Но с той поры много воды утекло. Советская власть по причинам, до сих пор недостаточно выясненным, последние годы проводит украинизацию «советскими методами», то есть беспощадно. При этих условиях естественно было ожидать, что дети уже забыли язык, на котором говорят их родители. В школе их ведь пичкают мовой изделия Грушевского, Винниченко и Кº. Поэтому я с тревогой прислушивался к детскому говору Киева.

Но когда я побывал и там и здесь, послушал на всех улицах-горках, которые попались на моем пути, поймал говор сотен, если не тысяч детей, «мое чело прояснилось».

* * *

Да, сообщаю это по чистой совести: ни одного украинского слова среди детей Киева мне не удалось выудить.

* * *

И потому я позволяю себе провозгласить славу их «ридным ненькам» и упрямым батькам.

* * *

Слава тебе, малороссийское мещанство! Не на словах, а на деле отстаиваешь ты Матерь городов Русских, колыбель Руси, откуда Она, Русская земля, пошла, стала есть…

И недаром же, о, мещанская стихия, почувствовал я странное волнение, когда погрузился в сочные воды твои. Ты крепче, ты надежнее, ты упрямее, ты вернее верхов. Не выдашь, не отдашь Родины. Ты, малороссийский борщ, бульба Тарасовская. Ты все снесешь, все вытерпишь. И скоро зальешь этот город хорошенькими барышнями-девчонками с румянцами на щеках и здоровыми упрямыми хохлами, которые на вопрос нового Хмельницкого на новой Переяславской Раде:

— Вси ли тако соизволяете? — ответят оглушительным, как балаканье Черного моря, прибоем:

— Вси! Вси! Вси!!!

И, обнажив голову, помолятся:

— Боже, сохрани! Боже, утверди! Чтоб мы навеки вси едины были…

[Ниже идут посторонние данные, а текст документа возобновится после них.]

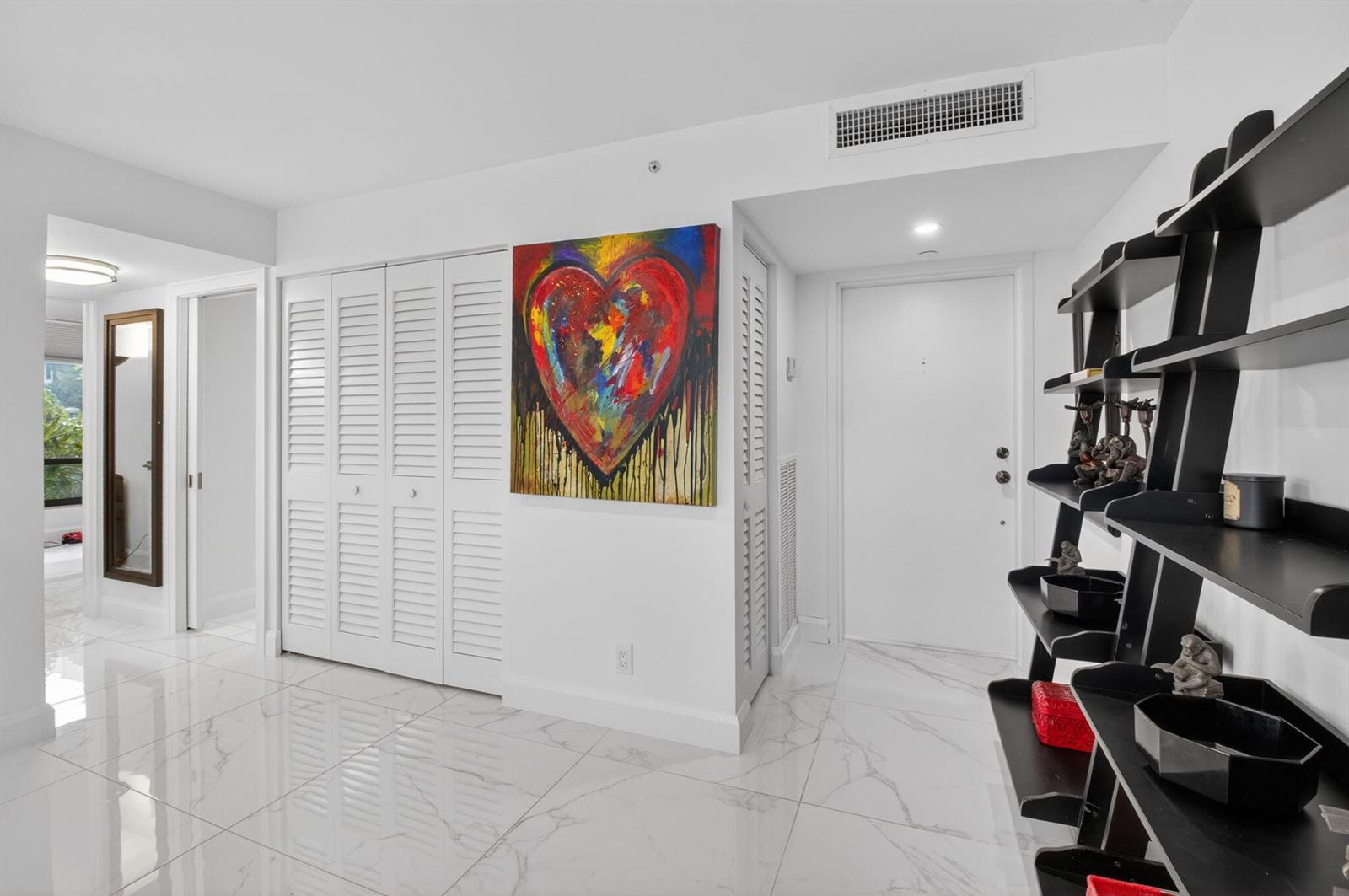 An entryway with white marble floors, a heart painting, louvered closet doors, and black shelving — 6815 Willow Wood Drive # 4012, Boca Raton FL 33434, BOCA RATON, FL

(Переяславская Рада, 1654 год).

* * *

Через царство детей я прошел под железною дорогой в царство мертвых, т. е. на кладбище. Тут крутая улица в гору. По левую сторону старое кладбище, по правую — «новое», которому уже лет тридцать. И вот, между этими двумя огромными тенями мертвецов, струился радостный поток жизни. Санки летели с самой высоты горы. А прямо против кладбищенских ворот был ухаб. Этот большой ухаб заставлял высоко подпрыгивать сани в воздухе. Мальчики и парни показывали здесь свою «удаль». Швырнет сани вверх, и вот надо усидеть, не скривиться, чтобы еще с большей быстротой понеслись дальше. Несколько взрослых остановилось смотреть на забаву. Интересно. И старик какой-то седой, немножко странный, подошел к ним и смотрел тоже.

Это был я.

* * *

Я подымался по этой горе. На «старом» я мог бы отыскать могилы отца и матери. На «новом» есть безыменная могила — это сына. Между этими двумя поколениями легла дорога, по которой я пришел.

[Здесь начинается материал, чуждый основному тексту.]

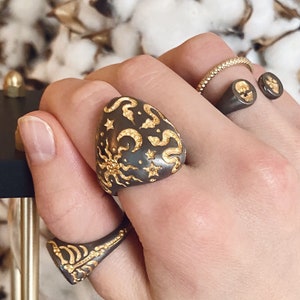 May include: A hand wearing three rings. The ring on the index finger is a large, dark grey ring with a gold design of stars, moons, and swirls. The ring on the middle finger is a thin gold band. The ring on the little finger is a dark grey ring with two gold skulls.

Это дорога жизни, по которой струится буйный ее ручеек. Но почему я-то бреду по ней? Почему я не на «старом» и не на «новом»?

* * *

Я взял вправо. И на этой аллее я видел то, чего больше нигде в России не увидите: я видел чины, ордена, мундиры… Все это высечено на мраморе плит и памятников, сохранено в надгробных изображениях. Царство мертвых сберегло прежнюю жизнь.

Для чего я пришел сюда?

Очевидно, для того, чтобы сказать: «Там далеко, откуда я пришел, там есть еще эта жизнь, ваша жизнь, — мертвые! Пошлите же через меня ей свой загробный привет».

И мертвые приказали мне сказать:

— Живые! Привет вам от мертвых. Привет и завет: сохраните, живые, живую душу живой. А о том, что тлен, прах, земля и к земле возвратится, не заботьтесь…

* * *

Нет, я пришел сюда и для того, чтобы найти могилу сына. Я знаю, на ней стоял лишь крест без имени. Нельзя было написать имя тогда.

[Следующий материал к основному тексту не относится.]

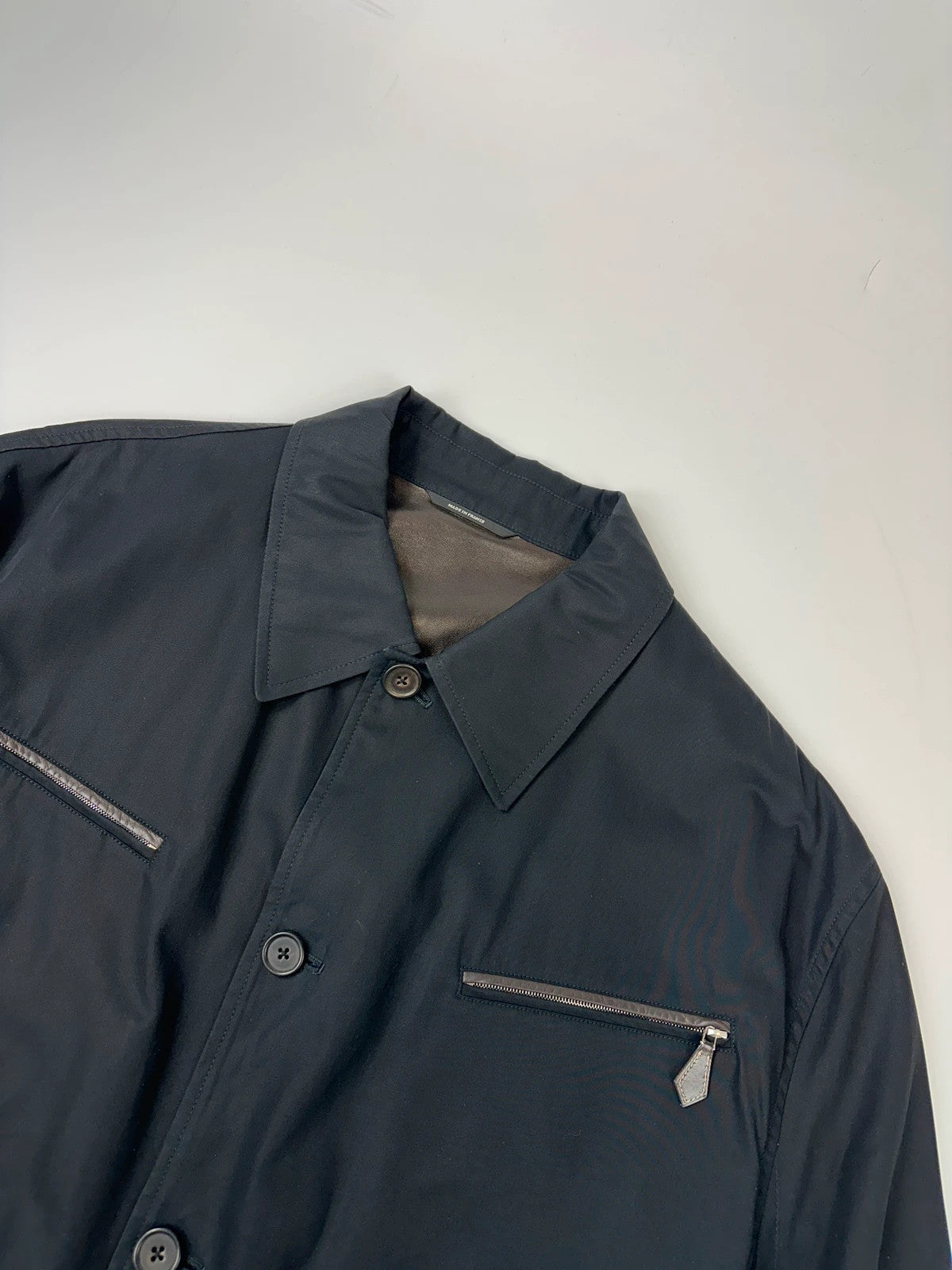 Hermès brown and navy jacket with leather straps and buttons, vintage 2000s design.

А теперь я не нашел ее: глубокий снег завалил все проходы. Я ходил там, увязая. Мои следы были глубоко синие, а снег отливал оранжевым золотом. Я помолился где-то неподалеку. Не все ли равно — два шага ближе, два шага дальше? Отец Наш Небесный услышит…

Солнце зашло. Небо стало зеленоватым. Мороз крепчал. К раскрытой свежей могиле, желто-серым песком плеснувшей на белизну снега, подходили люди, несли гроб.

Нарядно-печальное пение дымком ладана струилось к первой звезде.

Я ушел с кладбища. И еще углубился в «мещанскую стихию». Было уже темно, мне очень захотелось чаю. Какой-то домик, совсем невзрачный, приманил меня. На нем было написано — чайная.

Я вошел.

Это была низкая комната, с железной печкой посередине. Стены обклеены белой бумагой. Столики тоже крыты бумагой. Хозяин стоял у прилавка. Больше гостей никого не было.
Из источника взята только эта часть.